Célestine Galli-Marié as Carmen (Musée de l’Opéra)

Separation Anxiety

Carmen, Opéra Comique in three acts, music composed by Georges Bizet, libretto by Henri Meilhac and Ludovic Halévy after Prosper Mérimée’s 1845 novella Carmen, revival of the 2018 Royal Opera Production, directed by Barrie Kosky, conducted by Julia Jones, Royal Opera, Friday 5th July 2019, reviewed by Leslie Jones

“Don’t leave me Carmen”, implores Don José, as he begs her to follow him and to start a new life together. In director Barrie Kosky’s production of Carmen, the rope (subsequently the dress train) is like an umbilical cord that fatally connects the doomed lovers. They seemingly cannot survive without each other. And Don José embodies the dominant ideology of sexual guilt and subservience to the mother. As Sarah Lenton observes, his character “…is more straightjacketed than naive, and his obsessive tendencies are… hinted at in his fixation with his mother” (‘Out of Character’, Official Programme). Christopher Wintle, in What Opera Means, goes even further, claiming that Carmen chooses Don José because of a death wish.

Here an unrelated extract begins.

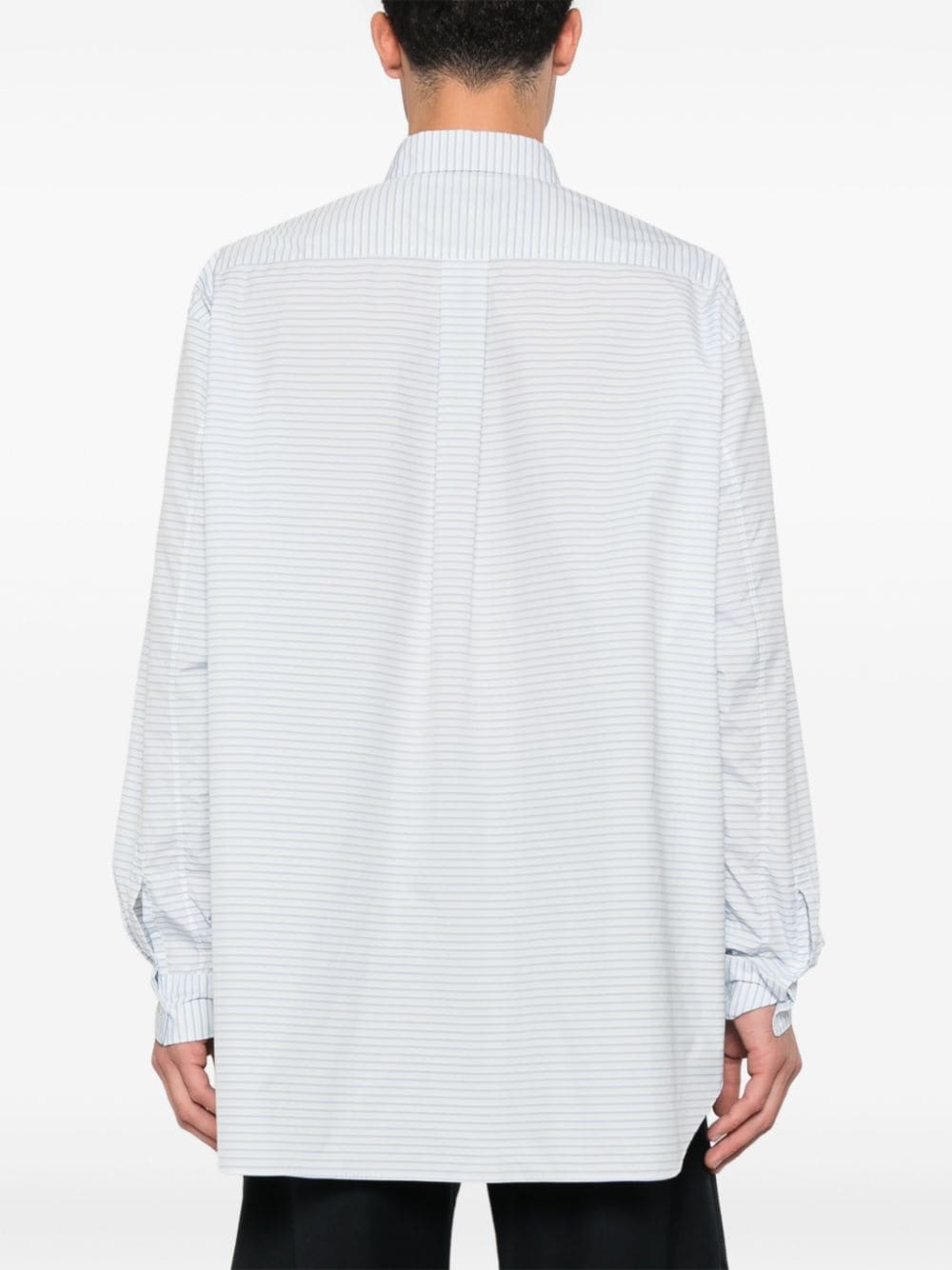 Shop Comme Des Garçons Homme Deux Striped Shirt In Weiss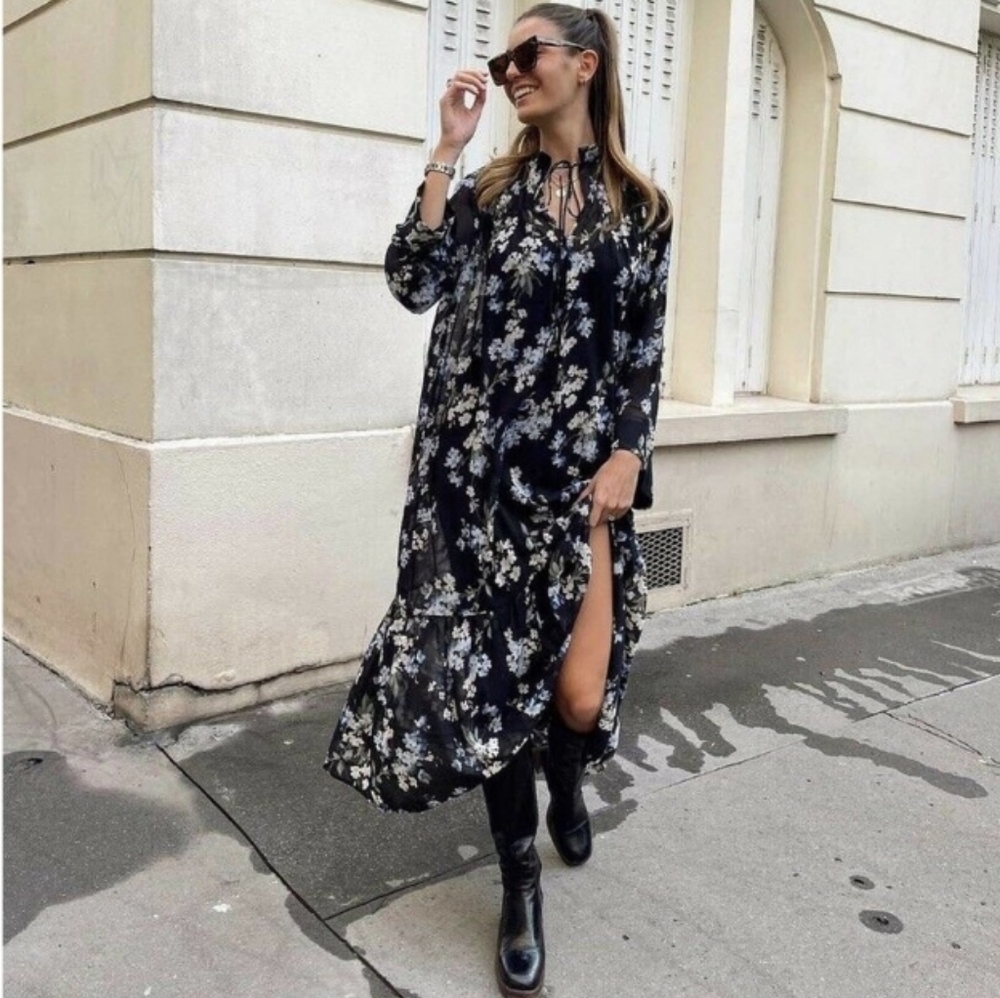 H&M Blogger Long Chiffon Dress Black Floral Medium NWT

What constitutes femininity and masculinity? Kosky, throughout, accentuates gender differences. We see men, stage right, ogling factory girls, who are narcissistically cooling themselves and smoking, stage left. Carmen is ultimately doomed because she will not abide by the rules of this bifurcated, patriarchal society. She represents untrammelled female sexuality. “Love’s a gypsy”, she proclaims and so is she. “Free was she born and free she will die”. In Mérimée’s novella, Don José recalls that Carmen “walked, swaying her hips like a filly from a Cordoba stud farm”. And the matador Escamillo (Luca Pisaroni), likewise, represents another sexual stereotype drawn from what Richard Langham Smith calls the “growing hispanomania” of the 1870’s (‘Carmen’s Rocky Road to Success’, Official Programme).

In an interview to coincide with the 2018 production of Carmen, conductor Keri-Lynn Wilson maintained that “can you dance?” is as important a question as “can you sing and act?” (see ‘Carmen Review – Dance of Death’, Quarterly Review, December 4, 2018). And the remarkable dance troupe, choreographed by Madeline Ferricks-Rosevear, stole the show once again.

Barrie Kosky is evidently an admirer of Kabuki, judging by the make-up and the masks. His device of an audience being watched by an audience was also telling. Ailyn Pérez (Micaëla) is a remarkable singer and she pulled out all the stops in the aria “Moi, je viens te chercher”. Yet there were still some empty seats on this occasion. Perhaps this production, which first appeared at Frankfurt Opera in 2016, is just too challenging and thought provoking for the average audience.